▶ [WHAT IS NEEDED]: Quote exactly the lines from the one with "Ingeniera industrial ofrece" to the end of the data, both included; omit the pictures.

▶ [SOURCE MATERIAL]:
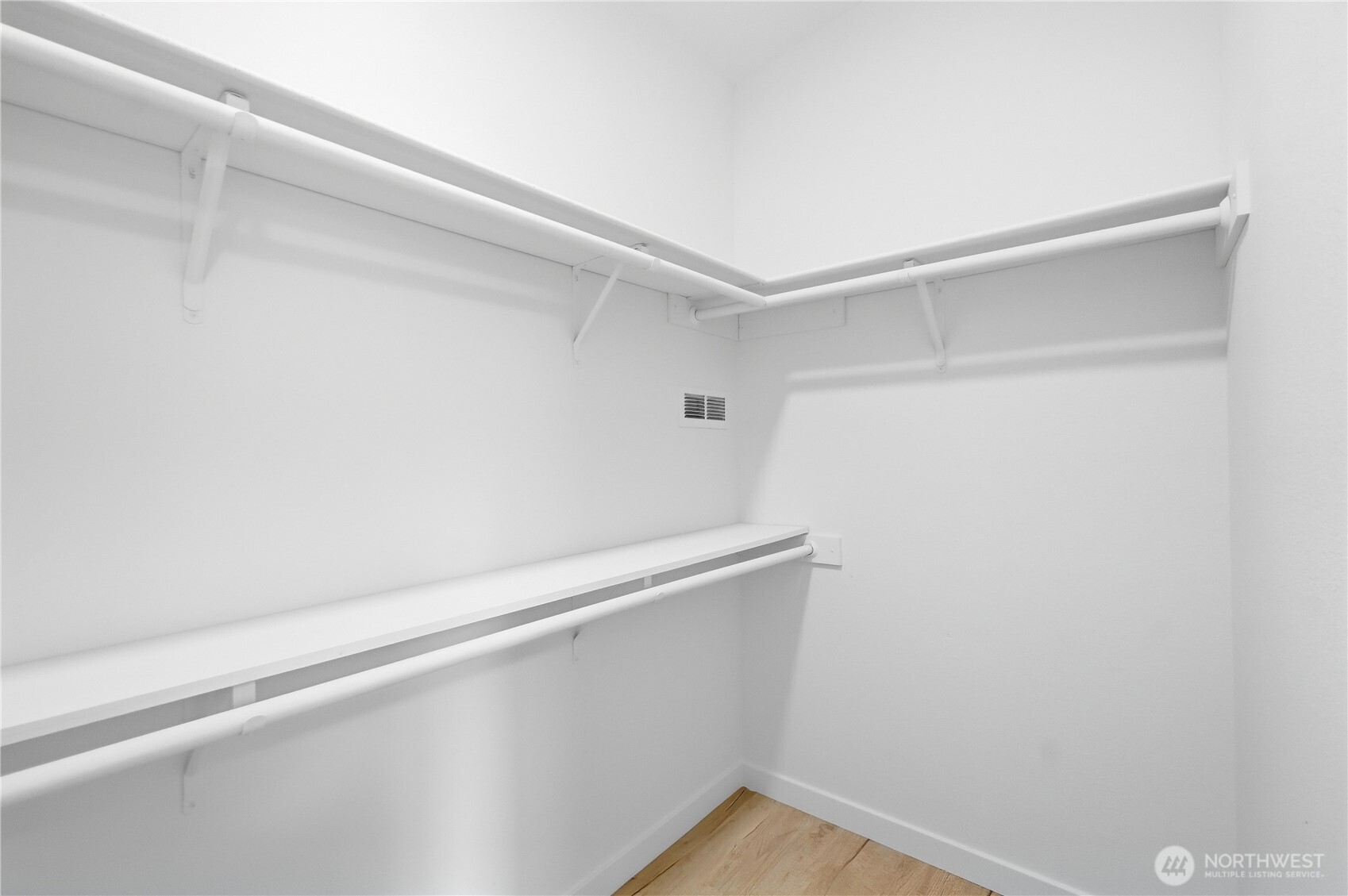 7907 174th Street Ct Property Photo 7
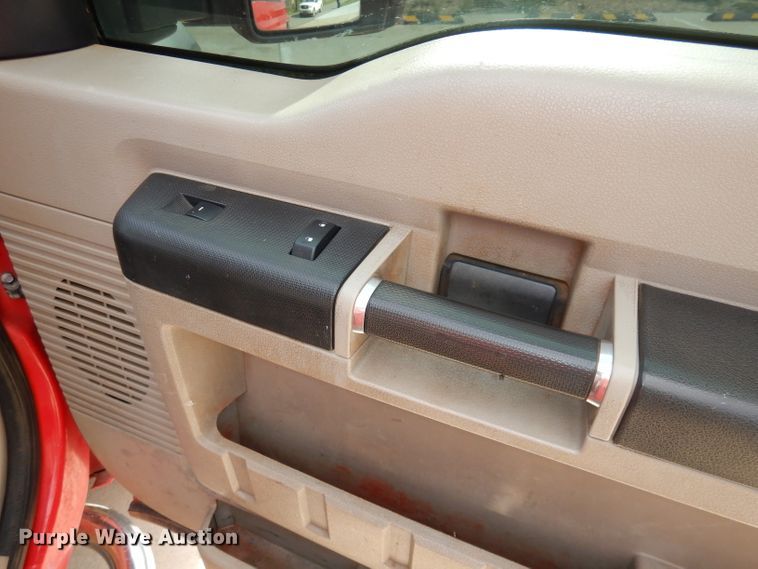 image for item DH8990 2010 Ford F550 Super Duty XLT  flatbed truck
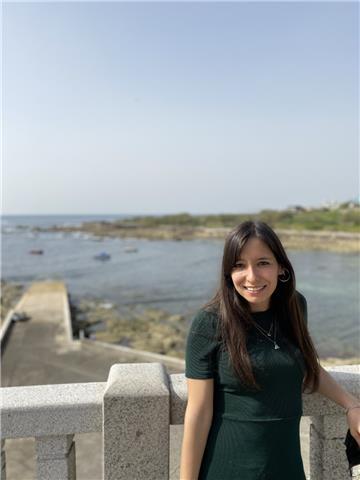 Ingeniera industrial ofrece clases de matemáticas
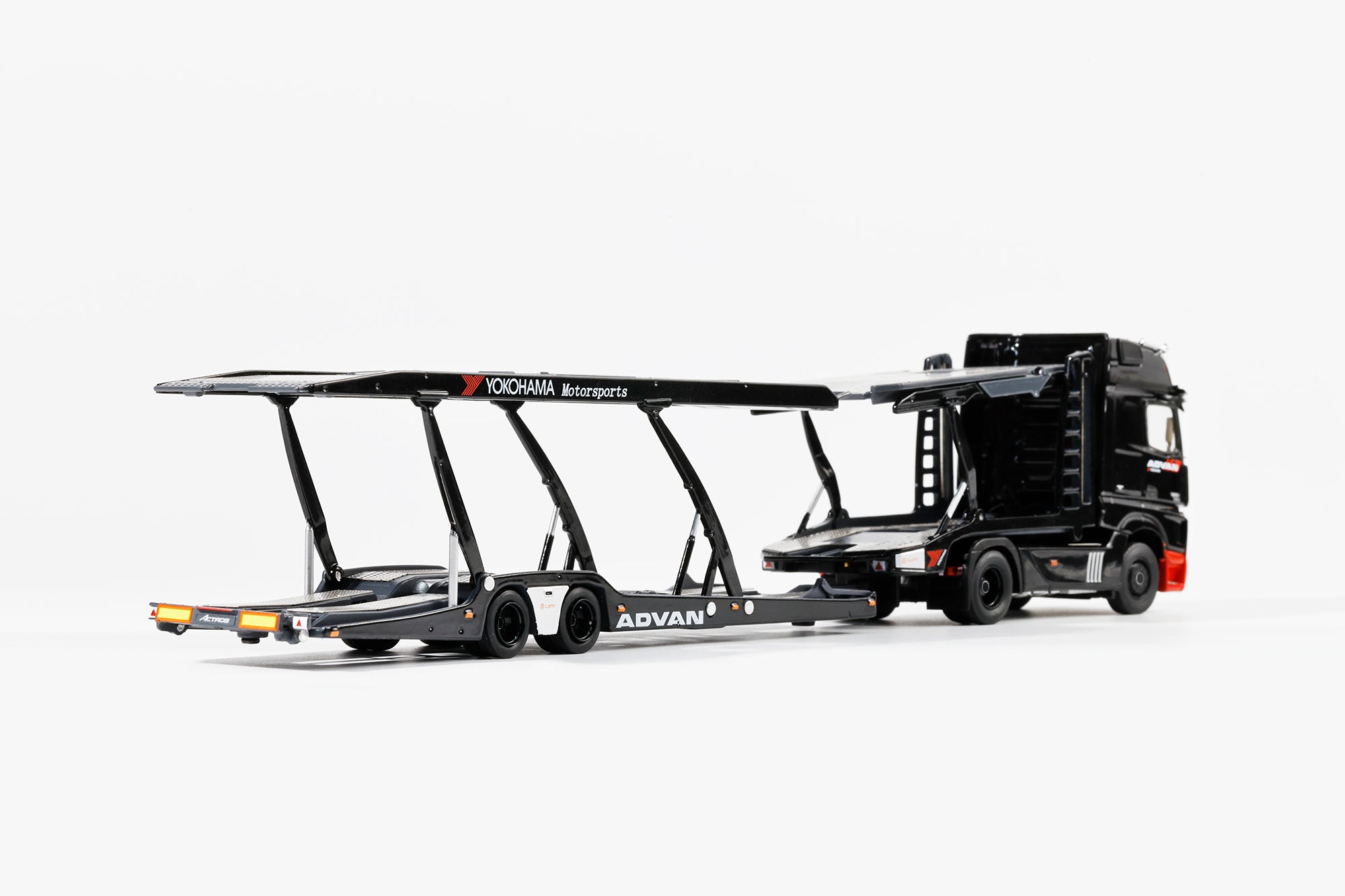 GCD 1:64 Mercedes-Benz Actros 2 (LHD)-ADVAN KS-069-618 – Horizon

▶ [ANSWER BELOW]:
 Ingeniera industrial ofrece clases de matemáticas
 GCD 1:64 Mercedes-Benz Actros 2 (LHD)-ADVAN KS-069-618 – Horizon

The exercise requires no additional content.